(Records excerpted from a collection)
-- Opening Marker --
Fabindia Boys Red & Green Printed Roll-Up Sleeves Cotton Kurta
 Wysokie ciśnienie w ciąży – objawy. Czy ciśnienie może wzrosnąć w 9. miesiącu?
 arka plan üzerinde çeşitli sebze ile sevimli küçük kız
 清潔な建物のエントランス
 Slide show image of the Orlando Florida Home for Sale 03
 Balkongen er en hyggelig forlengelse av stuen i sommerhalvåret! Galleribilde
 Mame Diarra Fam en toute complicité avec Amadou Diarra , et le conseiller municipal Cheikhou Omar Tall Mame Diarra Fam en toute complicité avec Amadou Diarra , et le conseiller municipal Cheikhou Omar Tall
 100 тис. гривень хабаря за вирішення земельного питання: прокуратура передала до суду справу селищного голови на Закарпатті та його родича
-- Closing Marker --
-- Task to carry out --
Write all the data out again, exactly.

-- Task result --
Fabindia Boys Red & Green Printed Roll-Up Sleeves Cotton Kurta
 Wysokie ciśnienie w ciąży – objawy. Czy ciśnienie może wzrosnąć w 9. miesiącu?
 arka plan üzerinde çeşitli sebze ile sevimli küçük kız
 清潔な建物のエントランス
 Slide show image of the Orlando Florida Home for Sale 03
 Balkongen er en hyggelig forlengelse av stuen i sommerhalvåret! Galleribilde
 Mame Diarra Fam en toute complicité avec Amadou Diarra , et le conseiller municipal Cheikhou Omar Tall Mame Diarra Fam en toute complicité avec Amadou Diarra , et le conseiller municipal Cheikhou Omar Tall
 100 тис. гривень хабаря за вирішення земельного питання: прокуратура передала до суду справу селищного голови на Закарпатті та його родича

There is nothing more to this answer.